Oakland Athletics: How Yonder Alonso Ended Up In Oakland
By Will Patrone
The Oakland Athletics have been pleasantly surprised by Yonder Alonso this season. How did Alonso, the A’s lone All-Star the year, end up in Oakland?
I remember sitting in front of coaches and players from the University of Miami at Jim Morris’ summer baseball camp on campus. I played first base, and modeled my game off of Yonder Alonso. He was my role model for a baseball career that never surfaced. He walked up to our group and asked what team he’d been drafted by, since he apparently forgot. All of the kids had no idea, but I blurted out “The Cincinnati Reds!” I was so happy to answer his question, and reflecting on this memory tonight with my family sparked me to look into the path he took to end up with the Athletics.
His baseball roots actually began with ties to the A’s. Former Athletics legend Jose Canseco funded his Little League in Coral Springs, Florida. He went on to be drafted by the Twins in the 2005 amateur draft in the 16th round, but refused to sign in order to go to the University of Miami. It payed off. He led the Hurricanes to the College World Series as a freshman, leading the team in RBI’s
His professional career began in 2008 after being drafted 7th overall by the Cincinnati Reds. He rocketed through the minors, but was blocked by the surging Joey Votto from making a major impact in the majors. They moved him to left field, but did not get enough playing time to have the rookie tag removed for the following season. Alonso was shipped to San Diego with a plethora of other players for Mat Latos. The Padres immediately saw potential in Yonder, planning to start him over Anthony Rizzo before trading the recent World Series champ to Chicago. He finished sixth in the Rookie of the Year voting, even though he was tied for the league lead for errors.

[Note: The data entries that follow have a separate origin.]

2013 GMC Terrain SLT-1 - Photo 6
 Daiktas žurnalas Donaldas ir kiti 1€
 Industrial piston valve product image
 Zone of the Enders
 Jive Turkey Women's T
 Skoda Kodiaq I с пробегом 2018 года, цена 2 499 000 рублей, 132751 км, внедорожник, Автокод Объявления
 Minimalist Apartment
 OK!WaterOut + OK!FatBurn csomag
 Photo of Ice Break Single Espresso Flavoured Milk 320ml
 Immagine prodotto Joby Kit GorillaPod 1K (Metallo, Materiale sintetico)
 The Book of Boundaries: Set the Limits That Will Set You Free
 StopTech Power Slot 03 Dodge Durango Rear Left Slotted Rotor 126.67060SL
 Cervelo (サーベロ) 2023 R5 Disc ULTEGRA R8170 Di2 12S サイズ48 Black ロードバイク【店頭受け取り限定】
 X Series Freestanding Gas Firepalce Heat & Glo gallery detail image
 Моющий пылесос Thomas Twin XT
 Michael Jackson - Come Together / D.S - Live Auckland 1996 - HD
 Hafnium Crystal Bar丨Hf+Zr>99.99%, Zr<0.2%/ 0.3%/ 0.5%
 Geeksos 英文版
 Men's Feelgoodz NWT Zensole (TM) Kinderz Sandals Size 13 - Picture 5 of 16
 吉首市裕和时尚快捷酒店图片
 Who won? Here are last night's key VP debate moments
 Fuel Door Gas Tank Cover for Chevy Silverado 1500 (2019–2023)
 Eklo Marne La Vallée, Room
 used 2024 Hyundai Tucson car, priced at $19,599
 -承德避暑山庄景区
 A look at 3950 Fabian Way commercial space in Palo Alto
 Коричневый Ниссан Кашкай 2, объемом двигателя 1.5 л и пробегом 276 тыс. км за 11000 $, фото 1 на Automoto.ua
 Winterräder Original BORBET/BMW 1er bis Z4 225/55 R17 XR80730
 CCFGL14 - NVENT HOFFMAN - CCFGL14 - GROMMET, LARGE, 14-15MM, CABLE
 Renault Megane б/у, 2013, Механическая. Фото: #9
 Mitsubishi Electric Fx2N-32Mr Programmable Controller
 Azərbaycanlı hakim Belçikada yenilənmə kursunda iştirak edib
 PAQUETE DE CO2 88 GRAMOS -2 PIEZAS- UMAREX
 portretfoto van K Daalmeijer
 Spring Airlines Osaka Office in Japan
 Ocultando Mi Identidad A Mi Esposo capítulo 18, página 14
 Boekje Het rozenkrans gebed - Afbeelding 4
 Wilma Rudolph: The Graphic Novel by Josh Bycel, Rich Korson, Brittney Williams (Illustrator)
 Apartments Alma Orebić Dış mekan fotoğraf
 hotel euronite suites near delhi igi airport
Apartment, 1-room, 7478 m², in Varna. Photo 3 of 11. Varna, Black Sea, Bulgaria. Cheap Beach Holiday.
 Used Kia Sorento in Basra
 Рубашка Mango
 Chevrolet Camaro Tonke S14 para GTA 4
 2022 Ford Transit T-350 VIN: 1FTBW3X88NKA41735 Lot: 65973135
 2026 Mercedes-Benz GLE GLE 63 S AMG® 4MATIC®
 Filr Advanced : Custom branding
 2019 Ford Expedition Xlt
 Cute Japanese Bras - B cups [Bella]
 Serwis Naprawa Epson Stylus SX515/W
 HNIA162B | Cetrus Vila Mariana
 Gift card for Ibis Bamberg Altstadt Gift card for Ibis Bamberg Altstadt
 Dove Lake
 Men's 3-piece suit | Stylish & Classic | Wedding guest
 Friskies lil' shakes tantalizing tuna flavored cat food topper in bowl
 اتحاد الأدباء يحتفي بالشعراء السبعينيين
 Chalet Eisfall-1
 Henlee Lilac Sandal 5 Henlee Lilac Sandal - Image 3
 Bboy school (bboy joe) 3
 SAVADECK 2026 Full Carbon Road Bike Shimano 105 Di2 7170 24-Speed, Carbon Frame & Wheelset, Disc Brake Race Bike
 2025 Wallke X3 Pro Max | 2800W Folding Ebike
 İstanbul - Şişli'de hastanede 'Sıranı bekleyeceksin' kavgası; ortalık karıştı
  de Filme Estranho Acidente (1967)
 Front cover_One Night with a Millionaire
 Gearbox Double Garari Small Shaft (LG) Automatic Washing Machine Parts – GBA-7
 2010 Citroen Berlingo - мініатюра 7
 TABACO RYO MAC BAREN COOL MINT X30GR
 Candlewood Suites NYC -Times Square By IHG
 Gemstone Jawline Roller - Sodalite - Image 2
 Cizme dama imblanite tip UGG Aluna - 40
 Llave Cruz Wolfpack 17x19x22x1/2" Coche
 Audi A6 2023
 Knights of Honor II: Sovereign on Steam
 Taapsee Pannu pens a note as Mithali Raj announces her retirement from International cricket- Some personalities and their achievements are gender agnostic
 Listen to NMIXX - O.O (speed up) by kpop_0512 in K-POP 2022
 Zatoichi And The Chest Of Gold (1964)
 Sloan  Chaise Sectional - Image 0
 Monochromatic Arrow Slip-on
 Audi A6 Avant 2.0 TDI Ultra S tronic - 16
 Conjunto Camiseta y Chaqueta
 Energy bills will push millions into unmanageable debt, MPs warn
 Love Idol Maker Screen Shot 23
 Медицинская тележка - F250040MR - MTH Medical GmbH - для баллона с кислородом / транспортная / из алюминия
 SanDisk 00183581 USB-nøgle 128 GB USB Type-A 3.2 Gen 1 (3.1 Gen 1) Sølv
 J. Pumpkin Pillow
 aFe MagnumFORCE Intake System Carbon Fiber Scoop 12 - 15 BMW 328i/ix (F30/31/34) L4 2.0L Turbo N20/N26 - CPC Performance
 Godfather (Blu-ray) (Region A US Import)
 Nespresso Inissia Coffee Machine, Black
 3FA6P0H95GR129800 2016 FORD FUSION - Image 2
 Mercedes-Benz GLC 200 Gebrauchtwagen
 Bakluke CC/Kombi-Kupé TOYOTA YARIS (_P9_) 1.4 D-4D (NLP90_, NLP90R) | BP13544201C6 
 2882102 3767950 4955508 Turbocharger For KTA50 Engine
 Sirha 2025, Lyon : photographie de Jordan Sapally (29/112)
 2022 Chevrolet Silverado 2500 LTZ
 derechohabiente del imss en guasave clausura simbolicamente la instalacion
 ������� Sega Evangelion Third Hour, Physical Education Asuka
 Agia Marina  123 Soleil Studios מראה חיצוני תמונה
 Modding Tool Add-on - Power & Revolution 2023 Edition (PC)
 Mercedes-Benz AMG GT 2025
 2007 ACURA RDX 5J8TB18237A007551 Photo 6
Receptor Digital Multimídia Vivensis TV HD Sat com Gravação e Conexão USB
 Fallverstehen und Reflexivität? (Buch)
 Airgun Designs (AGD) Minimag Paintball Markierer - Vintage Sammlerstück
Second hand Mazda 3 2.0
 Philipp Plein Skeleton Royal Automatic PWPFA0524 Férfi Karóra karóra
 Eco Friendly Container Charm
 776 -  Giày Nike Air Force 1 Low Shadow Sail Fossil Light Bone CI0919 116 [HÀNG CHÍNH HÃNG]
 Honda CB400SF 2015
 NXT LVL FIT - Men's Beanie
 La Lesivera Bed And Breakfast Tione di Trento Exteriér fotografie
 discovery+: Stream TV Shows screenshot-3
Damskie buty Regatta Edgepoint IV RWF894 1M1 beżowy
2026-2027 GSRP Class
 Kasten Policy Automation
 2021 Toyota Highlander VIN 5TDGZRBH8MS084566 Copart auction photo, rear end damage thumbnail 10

The rest of his time in San Diego, however, was defined by stellar defense with subpar offense. The same Alonso showed up in 2016, his first full year in Oakland. According to Baseball Reference, he sported a .253/.316/.367 stat line with 7 home runs and 56 RBI. This year, he’s turned on the gas, sporting a .288/.383/.580 stat line, hitting 17 home runs and 38 RBI. Alonso currently lies in third place for the AL All-Star voting for first basemen, the only Athletics player projected to make the team.
What’s the Difference?
So what has changed? Alonso has been outspoken about his love for Oakland, and may have found a home in the league that he loves. He could stay in Oakland a while, but a selling July could mean a trade for the A’s best player. Only 30 years old and making $2.65 million, any playoff-bound team would be lucky to have a surging player help push them deeper into the playoffs. But Alonso could easily stay in Oakland for for a long time. No current playoff team has a glaring need at first base, and the only real team that could use an upgrade is the Yankees, who recently demoted Cris Carter. Knowing Beane, Alonso will most likely be gone before July 31st, but whether he’ll be in green and gold, pinstripes, or another uniform will be a big storyline for the entire league.